*** Data records ***

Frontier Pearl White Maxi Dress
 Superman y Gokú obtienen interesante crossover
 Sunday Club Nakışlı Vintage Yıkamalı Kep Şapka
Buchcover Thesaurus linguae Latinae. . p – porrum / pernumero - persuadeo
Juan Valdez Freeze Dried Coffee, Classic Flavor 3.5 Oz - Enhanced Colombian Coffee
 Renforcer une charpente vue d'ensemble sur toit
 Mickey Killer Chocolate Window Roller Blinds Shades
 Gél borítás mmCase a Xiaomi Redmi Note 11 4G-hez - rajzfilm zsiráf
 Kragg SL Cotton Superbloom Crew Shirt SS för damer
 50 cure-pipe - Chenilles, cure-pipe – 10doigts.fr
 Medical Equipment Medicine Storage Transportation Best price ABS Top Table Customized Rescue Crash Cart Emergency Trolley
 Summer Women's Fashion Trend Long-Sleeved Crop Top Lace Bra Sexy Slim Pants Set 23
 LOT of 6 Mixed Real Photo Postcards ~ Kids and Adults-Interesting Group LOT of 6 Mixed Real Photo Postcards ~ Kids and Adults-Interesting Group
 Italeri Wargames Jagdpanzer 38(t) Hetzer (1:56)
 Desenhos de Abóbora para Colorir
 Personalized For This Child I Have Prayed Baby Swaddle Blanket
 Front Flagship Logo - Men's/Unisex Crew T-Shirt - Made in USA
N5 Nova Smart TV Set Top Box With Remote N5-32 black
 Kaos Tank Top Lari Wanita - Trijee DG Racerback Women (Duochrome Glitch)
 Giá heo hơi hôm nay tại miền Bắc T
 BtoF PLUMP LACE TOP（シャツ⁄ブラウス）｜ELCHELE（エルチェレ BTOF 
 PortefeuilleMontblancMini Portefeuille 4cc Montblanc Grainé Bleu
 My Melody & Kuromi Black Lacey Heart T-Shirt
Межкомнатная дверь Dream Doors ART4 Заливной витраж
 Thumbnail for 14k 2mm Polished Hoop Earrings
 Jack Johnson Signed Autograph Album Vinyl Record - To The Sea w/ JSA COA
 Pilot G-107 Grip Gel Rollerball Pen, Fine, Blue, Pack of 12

*** End of Data records ***

▶ _Exercise instructions_
Which lines above run from the one containing "50 cure-pipe - Chenilles, cure-pipe" to the one containing "Adults-Interesting Group LOT"? Give them again exactly, both ends included.

▶ _Exercise result_
 50 cure-pipe - Chenilles, cure-pipe – 10doigts.fr
 Medical Equipment Medicine Storage Transportation Best price ABS Top Table Customized Rescue Crash Cart Emergency Trolley
 Summer Women's Fashion Trend Long-Sleeved Crop Top Lace Bra Sexy Slim Pants Set 23
 LOT of 6 Mixed Real Photo Postcards ~ Kids and Adults-Interesting Group LOT of 6 Mixed Real Photo Postcards ~ Kids and Adults-Interesting Group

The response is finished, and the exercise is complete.